Als Beitrag zur Behebung des Lehrkräftemangels, um die Einwanderungsgesellschaft auch in den Kollegien abzubilden und den Lehrkräften mit internationaler Qualifikation die Integration zu erleichtern, fordern wir eine Absenkung und Vereinfachung der Anforderungen sowie ein – auch finanzielles – Unterstützungsangebot seitens der Senatsverwaltung. Die Forderungen decken sich z.T. mit der Praxis in anderen Bundesländern.[4]
- So ist das Anerkennungsverfahren in Bayern, Brandenburg, Bremen, Niedersachsen, Nordrhein-Westfalen und im Saarland gebührenfrei.
- In Bayern, Hessen, Niedersachsen und in Sachsen genügen deutsche Sprachkenntnisse auf dem Niveau C1 für die Einstellung ins Lehramt.
- In Hessen ist das Referendariat in nur einem Fach (Mangelfächer) möglich. Anschließend erfolgt der Einsatz als vollwertige Lehrkräfte – auch mit Verbeamtung.[5]
- NRW führt mit „Lehrkräfte Plus“ ein universitäres Unterstützungs- und Professionalisierungsangebote für Lehrkräfte mit internationalen Abschlüssen durch.

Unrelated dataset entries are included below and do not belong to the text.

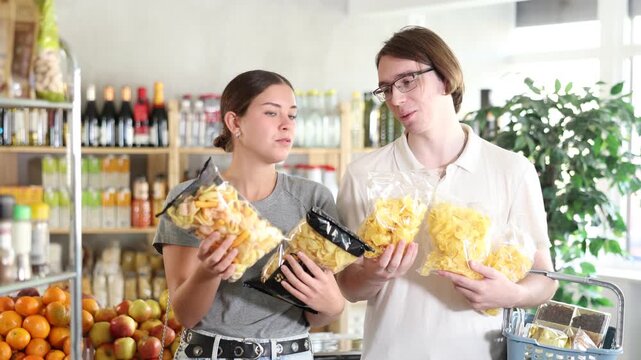 Youth guy with wife choose and buy chips and potato mix crisps in store. Visitors make choice of assortment, buy potato snack crispy rings, sticks. Clients hesitate before buying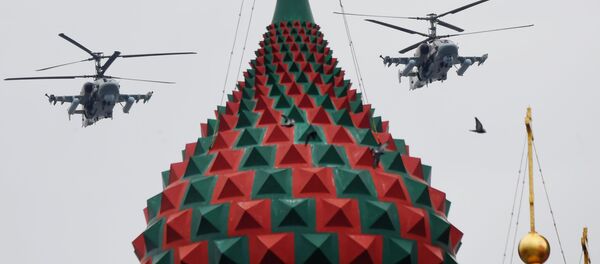 Ударные вертолеты Ка-52 Аллигатор на репетиции воздушной части парада Победы в Москве Ударные вертолеты Ка-52 Аллигатор на репетиции воздушной части парада Победы в Москве - Sputnik Молдова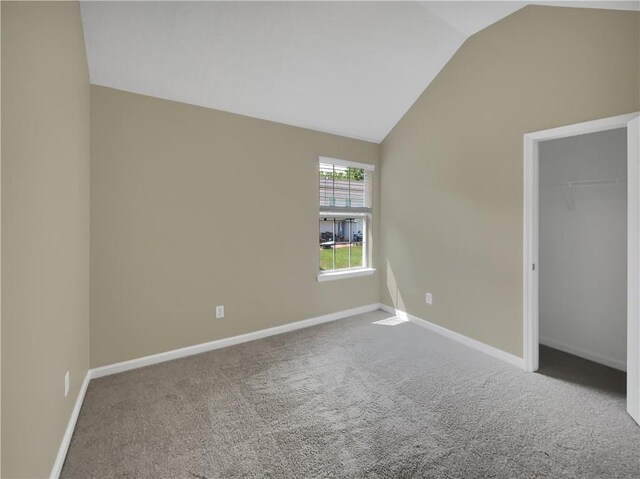 carpeted empty room with lofted ceiling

[1] Siehe dazu: Gutachten der Ständigen Wissenschaftlichen Kommission der KMK: „Sprachliche Bildung für neu zugewanderte Kinder und Jugendliche gestalten –Maßnahmen zur Förderungder Zielsprache Deutsch (2025), S.9f.
[2] Siehe oben, S.30, ff
[3] Siehe oben, S. 17
[4] Alle Angaben siehe: https://www.anerkennung-in-deutschland.de/html/de/index.php
[5] Möglich ist dies durch den KMK-Beschluss „Maßnahmen zur Gewinnung zusätzlicher Lehrkräfte“ (2024).